ADDIS ABABA, July 22 (Reuters) – Ethiopia should consider devaluing its currency to boost exports as they are mostly unprocessed products and need to stay competitive on price, a World Bank economist said on Tuesday.

Ethiopia, whose main exports are coffee, horticultural products, oilseeds and livestock, has operated a carefully managed floating exchange rate regime since 1992.

The last big devaluation was in 2010 when the birr lost 16.7 percent of its value to the dollar. The central bank quoted the birr at 19.6511/19.8476 to the U.S. currency on Tuesday.

“By one measure of real exchange rate, Ethiopia’s currency is 31 percent overvalued,” the World Bank’s lead economist in Ethiopia, Lars Christian Moller, said in Addis Ababa.

At an event to launch an economic report on the Horn of Africa nation, he said devaluing the currency by 10 percent could increase export growth by 5 percentage points a year.

“Ethiopia’s exports are relatively unsophisticated, unprocessed and tend to compete in price, that means that we need to look more into what are the export prices, and how can we manage them,” he said.

“This is where a competitive real exchange rate comes in. We argue that it could help support export promotion,” he added.

The Horn of Africa country’s exports rose to $2.6 billion in the first 10 months of 2013/2014, an increase of almost $5 million over revenue earned through all of 2012/2013.

But earnings from coffee, the country’s main commodity export, tumbled to about $489 million during the period, less than half of the government’s target.

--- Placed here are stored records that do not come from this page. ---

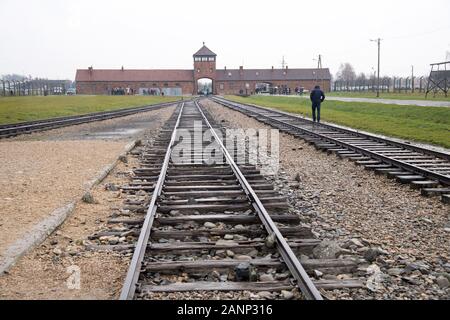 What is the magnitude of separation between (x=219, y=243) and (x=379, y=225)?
228 centimetres

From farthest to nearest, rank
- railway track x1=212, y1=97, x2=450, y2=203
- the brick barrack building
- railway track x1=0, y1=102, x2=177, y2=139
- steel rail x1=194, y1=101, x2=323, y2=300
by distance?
the brick barrack building, railway track x1=0, y1=102, x2=177, y2=139, railway track x1=212, y1=97, x2=450, y2=203, steel rail x1=194, y1=101, x2=323, y2=300

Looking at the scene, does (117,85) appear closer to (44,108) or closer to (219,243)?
(44,108)

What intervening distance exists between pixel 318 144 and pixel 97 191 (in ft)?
24.9

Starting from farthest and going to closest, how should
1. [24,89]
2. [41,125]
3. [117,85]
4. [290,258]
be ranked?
[117,85]
[24,89]
[41,125]
[290,258]

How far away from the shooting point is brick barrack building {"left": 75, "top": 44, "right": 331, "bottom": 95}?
114m

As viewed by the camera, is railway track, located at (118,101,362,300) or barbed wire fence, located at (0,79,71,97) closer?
railway track, located at (118,101,362,300)

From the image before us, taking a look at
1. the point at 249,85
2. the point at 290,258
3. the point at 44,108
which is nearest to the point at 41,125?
the point at 44,108

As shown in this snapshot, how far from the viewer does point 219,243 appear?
17.6 feet

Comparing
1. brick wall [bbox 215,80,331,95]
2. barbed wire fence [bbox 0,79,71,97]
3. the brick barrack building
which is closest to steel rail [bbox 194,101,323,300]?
barbed wire fence [bbox 0,79,71,97]

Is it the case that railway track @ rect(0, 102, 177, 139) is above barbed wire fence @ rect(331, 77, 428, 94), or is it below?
below

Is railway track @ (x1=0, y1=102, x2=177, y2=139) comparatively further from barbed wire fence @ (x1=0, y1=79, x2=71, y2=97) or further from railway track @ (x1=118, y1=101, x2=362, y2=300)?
barbed wire fence @ (x1=0, y1=79, x2=71, y2=97)

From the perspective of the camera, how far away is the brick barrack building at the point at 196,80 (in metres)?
114

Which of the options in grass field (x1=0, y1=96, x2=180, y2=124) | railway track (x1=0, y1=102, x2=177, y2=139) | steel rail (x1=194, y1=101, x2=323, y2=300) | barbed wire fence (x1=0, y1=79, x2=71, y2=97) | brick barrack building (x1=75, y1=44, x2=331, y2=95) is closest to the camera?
steel rail (x1=194, y1=101, x2=323, y2=300)

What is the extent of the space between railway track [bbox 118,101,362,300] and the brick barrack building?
341ft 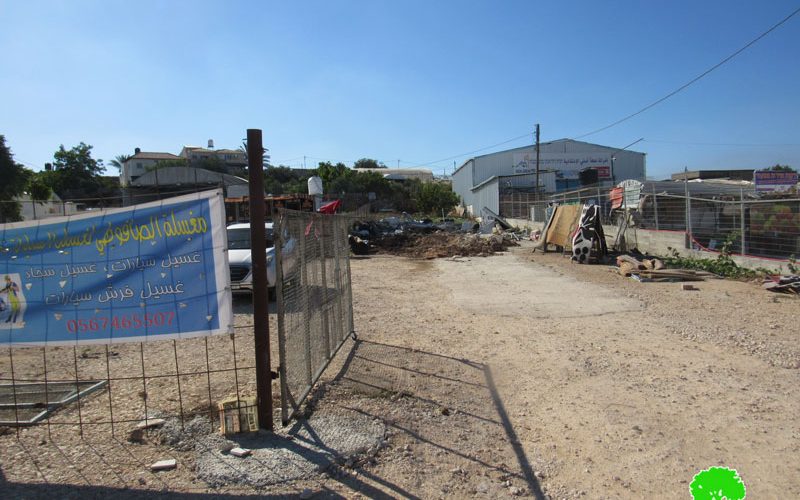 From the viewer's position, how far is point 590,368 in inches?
212

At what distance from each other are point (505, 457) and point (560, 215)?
16.2 metres

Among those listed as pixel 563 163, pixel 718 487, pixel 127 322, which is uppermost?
pixel 563 163

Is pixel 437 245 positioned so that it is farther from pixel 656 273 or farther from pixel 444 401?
pixel 444 401

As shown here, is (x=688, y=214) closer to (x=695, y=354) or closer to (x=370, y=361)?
(x=695, y=354)

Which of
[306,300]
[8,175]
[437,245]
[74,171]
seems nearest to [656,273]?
[306,300]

Ethiopia has been a star economic performer in Africa, reporting double-digit growth in several recent years. Growth has edged down but the International Monetary Fund still expects a robust 8 to 8.5 percent for fiscal years 2013/14 and 2014/15.

Both the World Bank and IMF have said the government needs to loosen the reins on the economy, which is still heavily controlled by the state, to avoid squeezing out the private business and hurting growth prospects in future.